BEGIN RECORDS FOR THE TASK

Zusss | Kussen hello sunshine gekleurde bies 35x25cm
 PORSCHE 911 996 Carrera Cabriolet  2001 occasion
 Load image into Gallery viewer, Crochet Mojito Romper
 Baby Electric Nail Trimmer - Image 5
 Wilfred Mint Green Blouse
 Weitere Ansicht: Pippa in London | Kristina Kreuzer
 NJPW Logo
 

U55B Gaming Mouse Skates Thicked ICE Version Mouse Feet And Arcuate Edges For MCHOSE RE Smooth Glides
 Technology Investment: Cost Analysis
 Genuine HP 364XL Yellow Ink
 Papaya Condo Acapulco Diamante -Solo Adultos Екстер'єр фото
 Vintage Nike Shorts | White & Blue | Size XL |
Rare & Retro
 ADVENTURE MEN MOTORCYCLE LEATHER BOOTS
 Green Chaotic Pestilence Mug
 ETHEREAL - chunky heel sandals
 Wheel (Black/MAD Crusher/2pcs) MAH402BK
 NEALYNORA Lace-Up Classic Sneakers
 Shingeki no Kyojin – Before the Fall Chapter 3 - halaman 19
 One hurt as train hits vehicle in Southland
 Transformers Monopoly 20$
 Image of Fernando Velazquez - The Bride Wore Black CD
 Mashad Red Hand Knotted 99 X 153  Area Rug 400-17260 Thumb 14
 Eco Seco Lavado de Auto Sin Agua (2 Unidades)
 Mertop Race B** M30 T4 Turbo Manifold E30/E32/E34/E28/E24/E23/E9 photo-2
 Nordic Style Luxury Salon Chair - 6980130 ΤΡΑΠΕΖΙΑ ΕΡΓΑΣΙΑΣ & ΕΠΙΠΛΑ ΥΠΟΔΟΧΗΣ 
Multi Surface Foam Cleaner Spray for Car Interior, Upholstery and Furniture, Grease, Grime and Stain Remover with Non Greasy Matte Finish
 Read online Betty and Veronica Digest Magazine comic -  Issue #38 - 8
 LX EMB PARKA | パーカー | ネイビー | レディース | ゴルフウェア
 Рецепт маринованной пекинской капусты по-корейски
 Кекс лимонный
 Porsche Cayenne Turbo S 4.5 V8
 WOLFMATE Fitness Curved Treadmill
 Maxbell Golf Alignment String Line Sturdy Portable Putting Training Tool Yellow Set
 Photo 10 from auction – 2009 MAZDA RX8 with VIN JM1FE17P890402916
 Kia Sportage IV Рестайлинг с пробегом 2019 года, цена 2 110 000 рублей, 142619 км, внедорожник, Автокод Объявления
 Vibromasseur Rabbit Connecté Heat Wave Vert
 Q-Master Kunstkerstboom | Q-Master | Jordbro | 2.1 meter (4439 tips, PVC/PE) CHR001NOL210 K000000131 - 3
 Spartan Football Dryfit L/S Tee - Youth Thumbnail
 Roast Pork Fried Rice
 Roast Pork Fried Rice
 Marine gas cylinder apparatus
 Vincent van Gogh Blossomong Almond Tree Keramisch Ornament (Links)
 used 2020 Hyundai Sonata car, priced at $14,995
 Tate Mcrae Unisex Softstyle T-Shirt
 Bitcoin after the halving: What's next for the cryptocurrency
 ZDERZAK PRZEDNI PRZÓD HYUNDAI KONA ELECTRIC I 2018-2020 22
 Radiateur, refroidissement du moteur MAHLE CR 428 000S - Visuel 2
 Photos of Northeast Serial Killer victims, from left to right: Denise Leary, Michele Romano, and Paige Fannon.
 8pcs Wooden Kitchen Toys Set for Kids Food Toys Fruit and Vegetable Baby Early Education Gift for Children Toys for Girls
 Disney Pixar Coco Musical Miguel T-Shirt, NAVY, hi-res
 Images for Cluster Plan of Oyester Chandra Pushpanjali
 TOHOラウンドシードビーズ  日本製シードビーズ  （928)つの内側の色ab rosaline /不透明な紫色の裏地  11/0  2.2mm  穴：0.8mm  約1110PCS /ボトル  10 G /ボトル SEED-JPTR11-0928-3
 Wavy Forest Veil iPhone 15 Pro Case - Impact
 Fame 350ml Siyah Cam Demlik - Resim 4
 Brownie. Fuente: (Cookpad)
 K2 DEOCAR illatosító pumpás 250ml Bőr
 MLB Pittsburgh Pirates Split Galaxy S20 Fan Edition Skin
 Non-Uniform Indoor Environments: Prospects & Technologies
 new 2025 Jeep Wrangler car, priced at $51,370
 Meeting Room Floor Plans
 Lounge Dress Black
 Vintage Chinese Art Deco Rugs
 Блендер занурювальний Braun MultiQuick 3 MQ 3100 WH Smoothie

END RECORDS FOR THE TASK

> TASK GOAL:
From the beginning of the listing above down to the line with "Photo 10 from", every line should be restated exactly.

> EXERCISE RESULT:
Zusss | Kussen hello sunshine gekleurde bies 35x25cm
 PORSCHE 911 996 Carrera Cabriolet  2001 occasion
 Load image into Gallery viewer, Crochet Mojito Romper
 Baby Electric Nail Trimmer - Image 5
 Wilfred Mint Green Blouse
 Weitere Ansicht: Pippa in London | Kristina Kreuzer
 NJPW Logo
 

U55B Gaming Mouse Skates Thicked ICE Version Mouse Feet And Arcuate Edges For MCHOSE RE Smooth Glides
 Technology Investment: Cost Analysis
 Genuine HP 364XL Yellow Ink
 Papaya Condo Acapulco Diamante -Solo Adultos Екстер'єр фото
 Vintage Nike Shorts | White & Blue | Size XL |
Rare & Retro
 ADVENTURE MEN MOTORCYCLE LEATHER BOOTS
 Green Chaotic Pestilence Mug
 ETHEREAL - chunky heel sandals
 Wheel (Black/MAD Crusher/2pcs) MAH402BK
 NEALYNORA Lace-Up Classic Sneakers
 Shingeki no Kyojin – Before the Fall Chapter 3 - halaman 19
 One hurt as train hits vehicle in Southland
 Transformers Monopoly 20$
 Image of Fernando Velazquez - The Bride Wore Black CD
 Mashad Red Hand Knotted 99 X 153  Area Rug 400-17260 Thumb 14
 Eco Seco Lavado de Auto Sin Agua (2 Unidades)
 Mertop Race B** M30 T4 Turbo Manifold E30/E32/E34/E28/E24/E23/E9 photo-2
 Nordic Style Luxury Salon Chair - 6980130 ΤΡΑΠΕΖΙΑ ΕΡΓΑΣΙΑΣ & ΕΠΙΠΛΑ ΥΠΟΔΟΧΗΣ 
Multi Surface Foam Cleaner Spray for Car Interior, Upholstery and Furniture, Grease, Grime and Stain Remover with Non Greasy Matte Finish
 Read online Betty and Veronica Digest Magazine comic -  Issue #38 - 8
 LX EMB PARKA | パーカー | ネイビー | レディース | ゴルフウェア
 Рецепт маринованной пекинской капусты по-корейски
 Кекс лимонный
 Porsche Cayenne Turbo S 4.5 V8
 WOLFMATE Fitness Curved Treadmill
 Maxbell Golf Alignment String Line Sturdy Portable Putting Training Tool Yellow Set
 Photo 10 from auction – 2009 MAZDA RX8 with VIN JM1FE17P890402916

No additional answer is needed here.